July 2nd, 2009, 15:52

ExOrienteLux, the rules of this board are that you should state everything you have done yourself when you first post a question. Everything else will be assumed that you didn't do, and then you will both get suggestions that you might think are obvious, and waste the time of the people trying to help you with these.

So, follow the rules from now on, and drop the attitude when it comes to problems that are a direct result of your rule breaches...

naides

July 2nd, 2009, 16:11

My answer may be naive, or I do not get the point of your question, but there it goes. . .

If the code author, on purpose, made the "code" contained in this area of memory obscured, obfuscated, encrypted with decrypt-on-the-fly, I would venture to say that you have no hope of analyzing to code in static mode: There are way too many ways to hide code and data including virtual machine, p-code with arbitrary translation etc, so your only hope is catching the CPU reading the memory in question and hoping that EIP lands into your memory address at least once. Remember that with p-code and virtual machine interpreters, the line between code and data becomes pretty blurred. . .

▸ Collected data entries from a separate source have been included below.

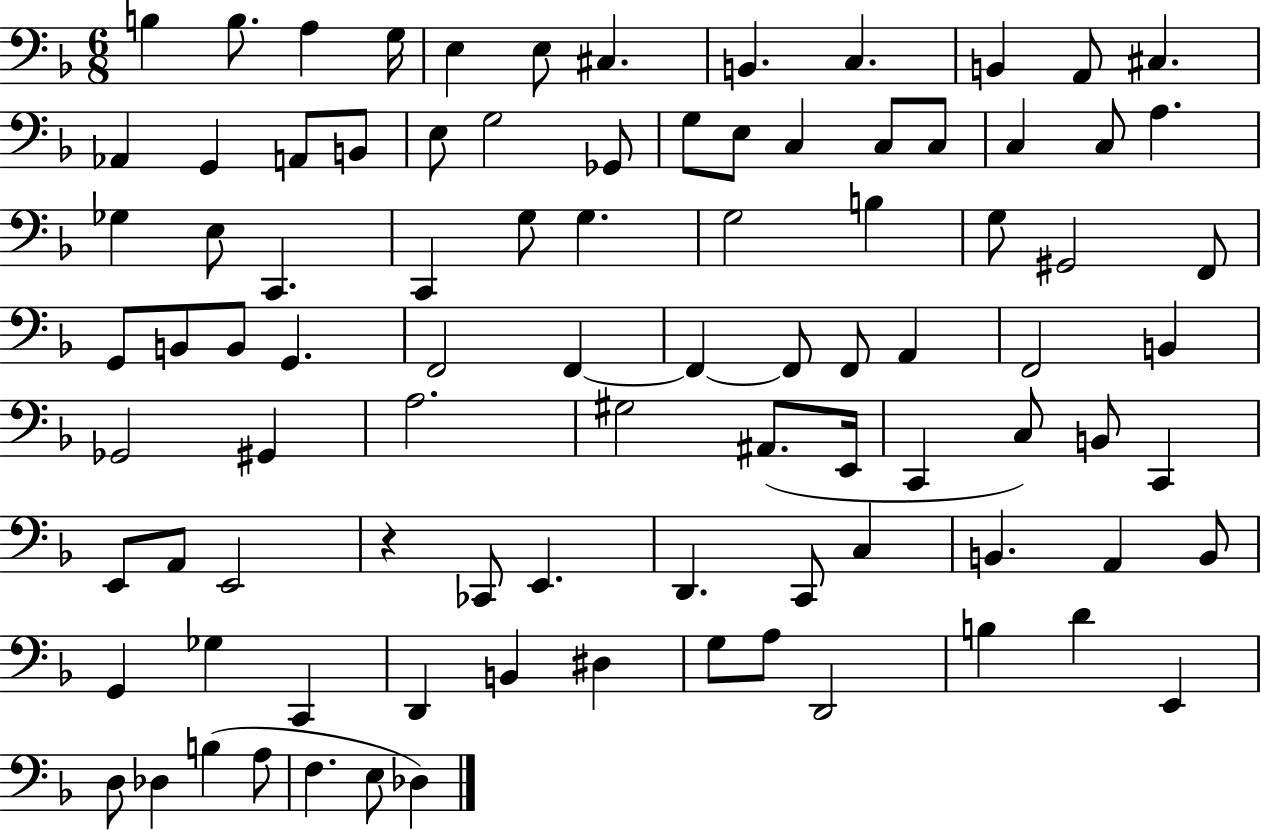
{
  \clef bass
  \numericTimeSignature
  \time 6/8
  \key f \major
  b4 b8. a4 g16 | e4 e8 cis4. | b,4. c4. | b,4 a,8 cis4. | \break aes,4 g,4 a,8 b,8 | e8 g2 ges,8 | g8 e8 c4 c8 c8 | c4 c8 a4. | \break ges4 e8 c,4. | c,4 g8 g4. | g2 b4 | g8 gis,2 f,8 | \break g,8 b,8 b,8 g,4. | f,2 f,4~~ | f,4~~ f,8 f,8 a,4 | f,2 b,4 | \break ges,2 gis,4 | a2. | gis2 ais,8.( e,16 | c,4 c8) b,8 c,4 | \break e,8 a,8 e,2 | r4 ces,8 e,4. | d,4. c,8 c4 | b,4. a,4 b,8 | \break g,4 ges4 c,4 | d,4 b,4 dis4 | g8 a8 d,2 | b4 d'4 e,4 | \break d8 des4 b4( a8 | f4. e8 des4) | \bar "|."
}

On the other hand, if you assume (I would) that there is real, plainly executable code in there, I would start by looking for frequent "signatures" of code: For instance: Function call frame prolog:

PUSH EBP
MOV EBP, ESP
SUB ESP-. . .

Bracketed by Functions EPILOG

POP EBP
RET

and the variations peculiar to each of the common compilers.

Another heuristic is looking for system calls that land into the OS API, so searching for the byte pattern that translate into

PUSH E?X
PUSH E?X
CALL 77812354 ; An address that lands into the memory of the OS API (I assume windows)

may start helping you locate code stretches.

I have also read "The IDA PRO Book" by Chris Eagle, where he goes into some detail about using IDA to analyze files (I gess file in this case will be a dump of the memory in question) with very little initial information about the structure of the code contained in there, mostly for malware analysis purposes.

OR maybe,

I completely missed the spirit of your question. . .

BanMe

July 2nd, 2009, 16:17

ah a very fine point naides

To improve upon this point I would only add the SigSeek.inc
by Opcode0x90 is fine tool to be used in finding signatures.. it is easily translatable to C/C++ and im pretty sure opcode0x90 used a C++ version of it on a post he made on www.rootkit.com..I could be wrong but I know a example is there in the usage of it, It could be in asm though :O

here is the asm link
http://code.google.com/p/opcode0x90/source/browse/trunk/snippets/SigSeek.inc

regards BanMe

ExOrienteLux

July 2nd, 2009, 16:58

Thanks for your answers.

Quote:

[Originally Posted by naides;81511]
OR maybe,
I completely missed the spirit of your question. . .

No, you didn't.

darawk

July 3rd, 2009, 02:23

Quote:

[Originally Posted by ExOrienteLux;81501]Hi darawk

Yeah, thats what i thought. :/
That's how OllyDbg does it though, right?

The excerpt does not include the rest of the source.